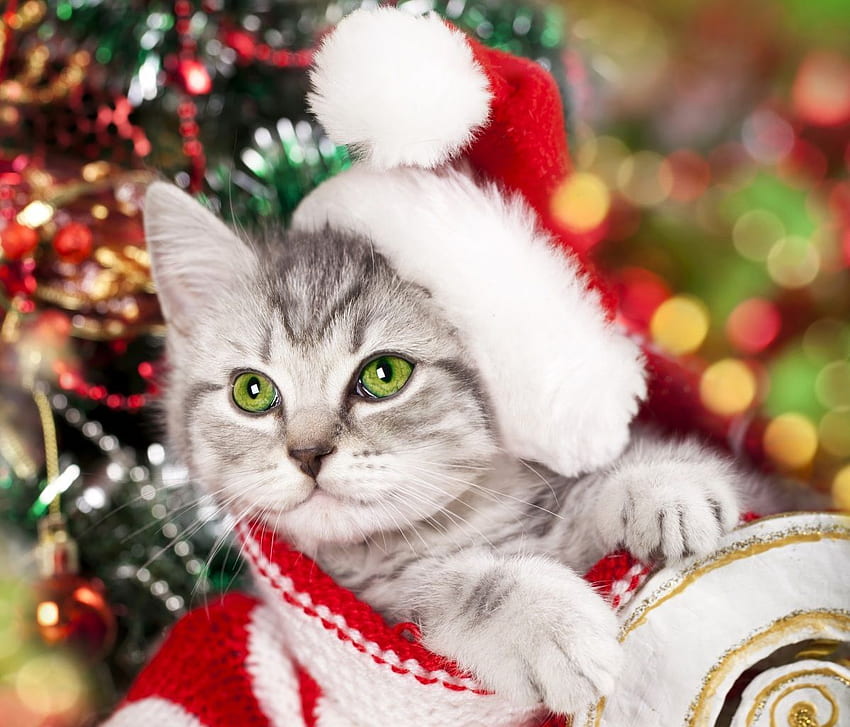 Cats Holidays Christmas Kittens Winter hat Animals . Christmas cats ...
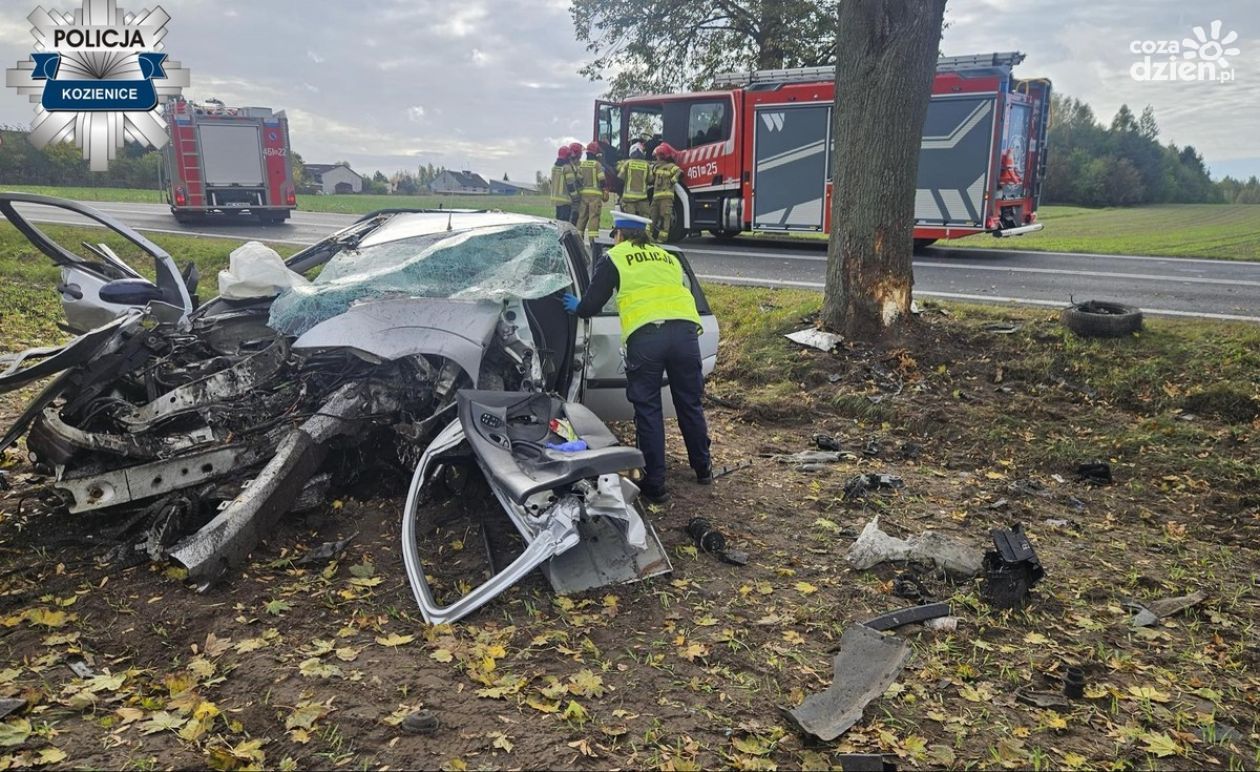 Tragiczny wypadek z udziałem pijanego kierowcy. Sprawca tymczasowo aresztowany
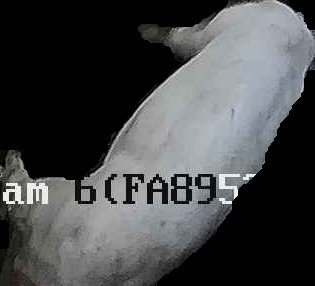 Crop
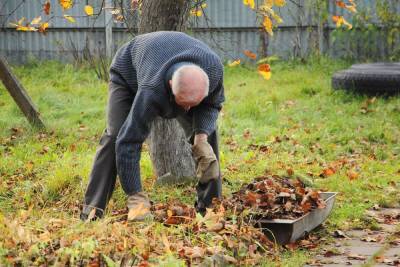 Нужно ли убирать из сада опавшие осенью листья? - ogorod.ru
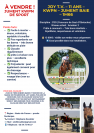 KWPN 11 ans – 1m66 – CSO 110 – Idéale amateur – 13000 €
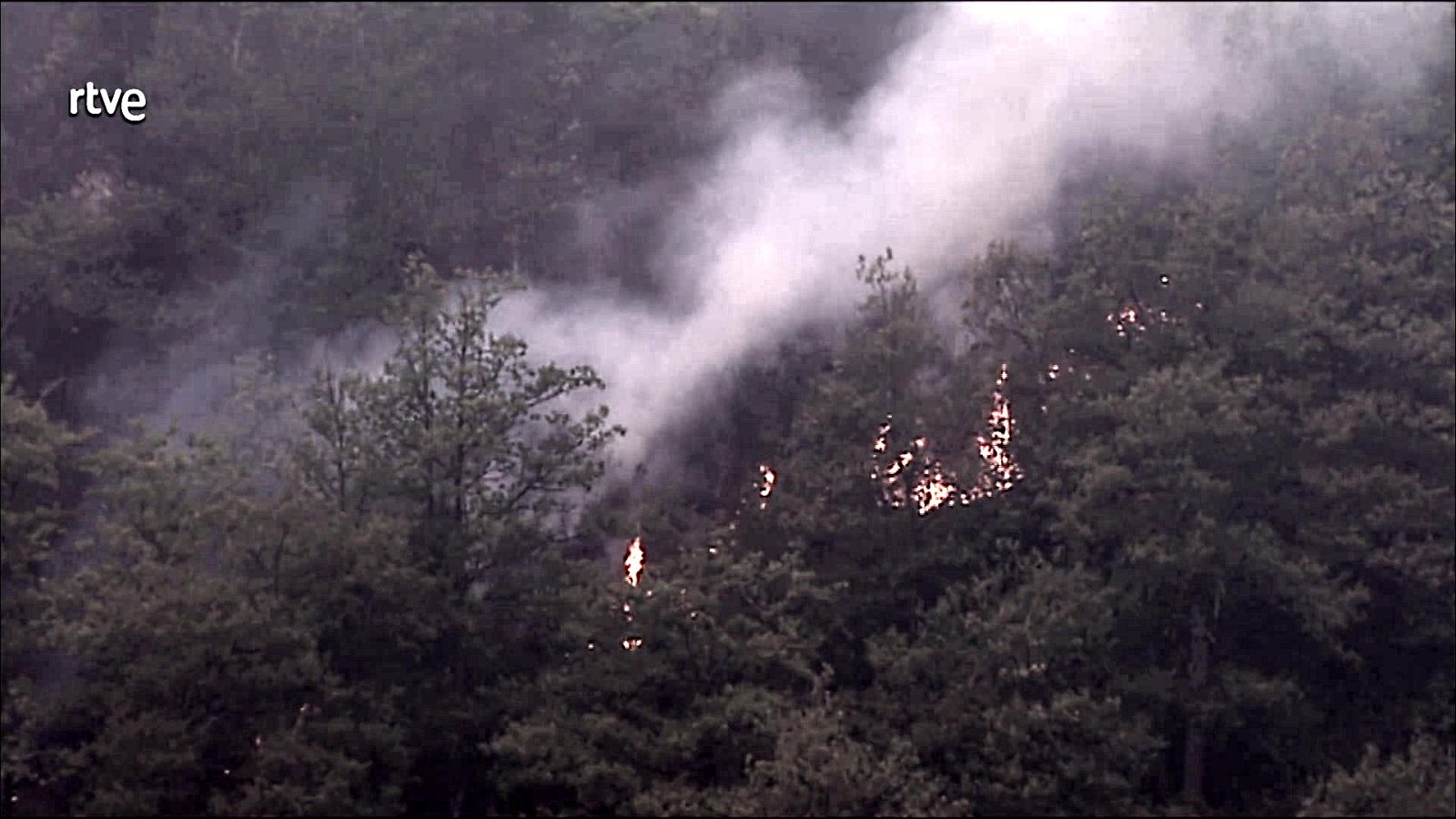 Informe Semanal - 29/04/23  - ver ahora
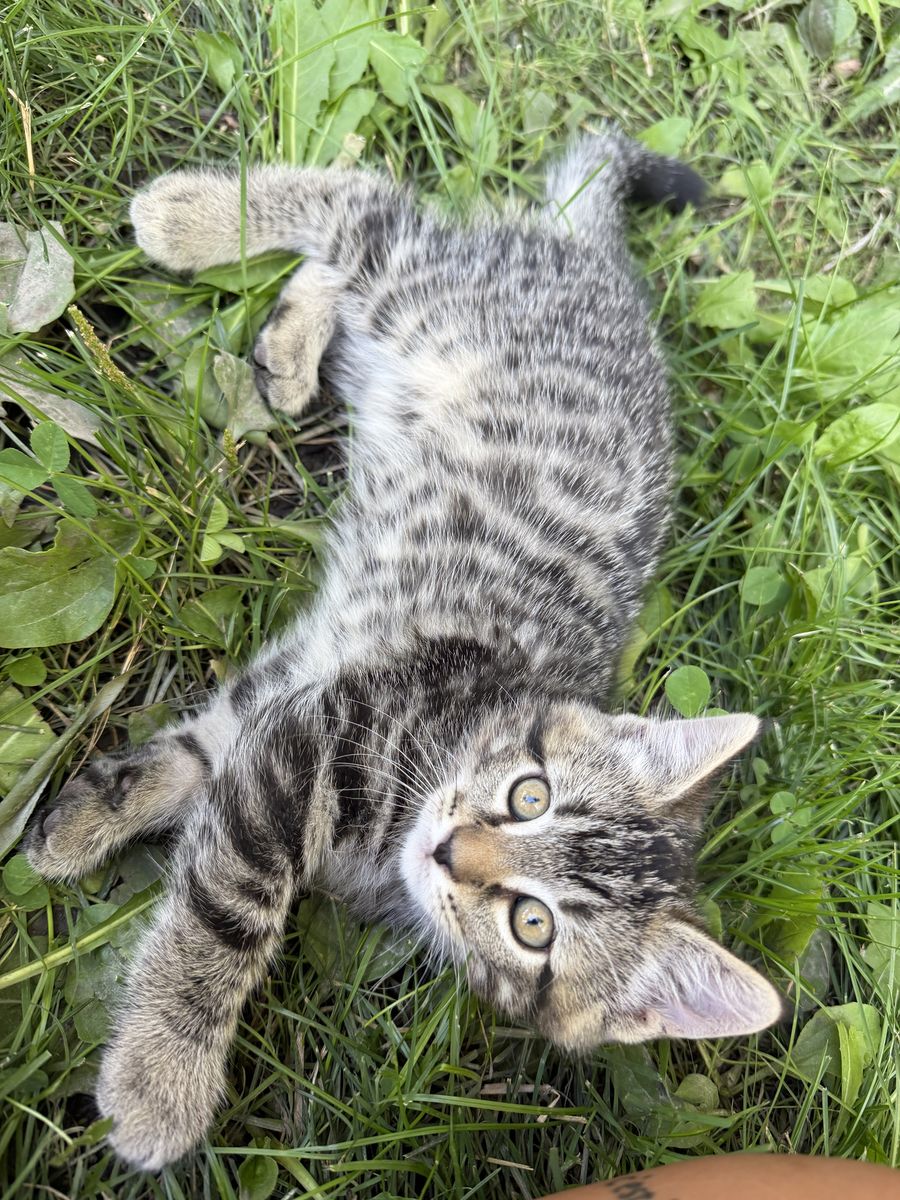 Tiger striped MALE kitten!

[What you should do] When copying the listing, skip the pictures and keep each line exactly as written.

[Answer to the problem]
 Cats Holidays Christmas Kittens Winter hat Animals . Christmas cats ...
 Tragiczny wypadek z udziałem pijanego kierowcy. Sprawca tymczasowo aresztowany
 Crop
 Нужно ли убирать из сада опавшие осенью листья? - ogorod.ru
 KWPN 11 ans – 1m66 – CSO 110 – Idéale amateur – 13000 €
 Informe Semanal - 29/04/23  - ver ahora
 Tiger striped MALE kitten!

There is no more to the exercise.